Slow progress...but progress nonetheless!

I seem to be back in writing mode this week - no time-wasting synopsis-writing for me this week! I think it was valuable to work on the synopsis a little last week as it gave me the confidence to move forward with the story today, and I was able to sit down this morning and just start writing, knowing exactly where I was going. It's interesting: even though I sit in front of the computer in my home office to work on the book only once a week, I do spend a lot of time thinking about plot and character and dialogue and things I want to write the rest of the time, so when I start up, I'm off! I also left what I was writing midstream (sounds like a urine test!) so I can pick it up next week - and old trick I taught myself years ago. There is nothing harder than coming back to a project and having to start on a fresh movement or chapter from a standing start.

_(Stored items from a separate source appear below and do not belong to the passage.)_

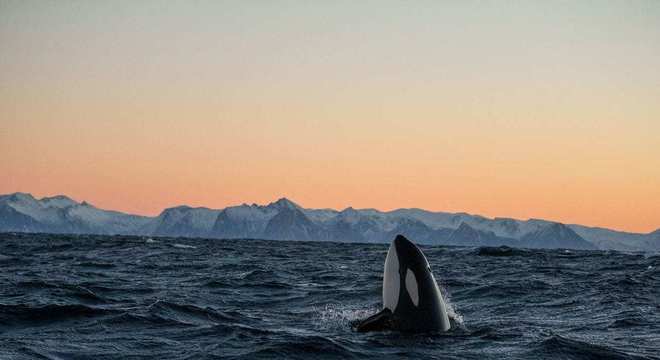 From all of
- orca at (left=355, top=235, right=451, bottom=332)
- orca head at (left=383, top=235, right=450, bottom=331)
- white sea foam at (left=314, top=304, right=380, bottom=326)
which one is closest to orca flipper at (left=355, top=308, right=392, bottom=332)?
orca at (left=355, top=235, right=451, bottom=332)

Spent the afternoon doing writing for money (actual money, that is, not future potential income!), writing 1000 words for Bride and Groom magazine on choosing a wedding celebrant. Bread and butter, pays the bills!

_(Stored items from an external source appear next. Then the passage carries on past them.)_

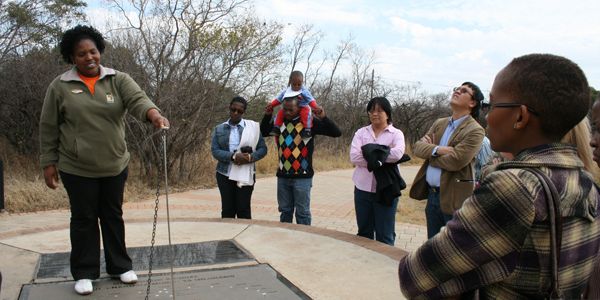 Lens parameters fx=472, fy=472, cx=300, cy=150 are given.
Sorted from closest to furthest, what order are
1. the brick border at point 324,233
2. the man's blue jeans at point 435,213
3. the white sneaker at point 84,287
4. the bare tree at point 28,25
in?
1. the white sneaker at point 84,287
2. the man's blue jeans at point 435,213
3. the brick border at point 324,233
4. the bare tree at point 28,25

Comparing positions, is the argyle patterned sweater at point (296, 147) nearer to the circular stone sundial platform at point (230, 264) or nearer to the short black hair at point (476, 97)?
the circular stone sundial platform at point (230, 264)

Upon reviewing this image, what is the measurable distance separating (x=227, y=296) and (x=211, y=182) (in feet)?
27.0

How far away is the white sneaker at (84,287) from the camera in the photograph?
9.70 feet

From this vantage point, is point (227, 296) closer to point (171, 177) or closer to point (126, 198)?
point (126, 198)

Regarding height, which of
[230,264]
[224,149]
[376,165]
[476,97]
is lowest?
[230,264]

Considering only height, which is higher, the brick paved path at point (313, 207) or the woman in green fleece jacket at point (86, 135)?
the woman in green fleece jacket at point (86, 135)

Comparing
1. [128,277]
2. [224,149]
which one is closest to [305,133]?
[224,149]

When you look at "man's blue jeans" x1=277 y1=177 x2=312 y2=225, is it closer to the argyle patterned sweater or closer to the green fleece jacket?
the argyle patterned sweater

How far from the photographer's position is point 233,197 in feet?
16.8

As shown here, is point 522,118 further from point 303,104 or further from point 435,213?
point 303,104

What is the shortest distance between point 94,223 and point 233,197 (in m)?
2.08

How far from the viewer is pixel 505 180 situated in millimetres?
1136

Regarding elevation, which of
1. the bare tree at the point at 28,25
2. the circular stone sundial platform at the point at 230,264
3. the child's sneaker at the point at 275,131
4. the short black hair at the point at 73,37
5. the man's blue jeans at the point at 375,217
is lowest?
the circular stone sundial platform at the point at 230,264

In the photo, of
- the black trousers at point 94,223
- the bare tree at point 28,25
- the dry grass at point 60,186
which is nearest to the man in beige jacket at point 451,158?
the black trousers at point 94,223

My Massey study materials arrived this week too: I have enrolled for stage 2 Modern NZ Politics (a history paper, covering the period from the 1890s to today with lots of fascinating stuff about the rise of the Liberals, the war years and economic recession, the birth of the Labour party, Muldoonism etc) and a stage 3 paper on travel writing, which I hope will enhance both my enjoyment of the genre and my output!

Overall I feel positive about the year ahead (writing-wise); I get frustrated when I write for hours on end and only produce something which I can read in five minutes or less, but I have to keep part of my eye on the big picture.

Recent reading
I am nearly at the end of Lady Chatterley's Lover, which I am sure is going to end in tears. I kind of want it to be over so I can get on with the pile of books I got from the library yesterday, including Helen Forrester's Twopence to Cross the Mersey, which I must have read at least two times before, if not more. It is a compusively readable account of a young girl's life in the depths of the Depression in Liverpool, which I loved as a teenager and interests me now due to my growing interest in early twentieth century history.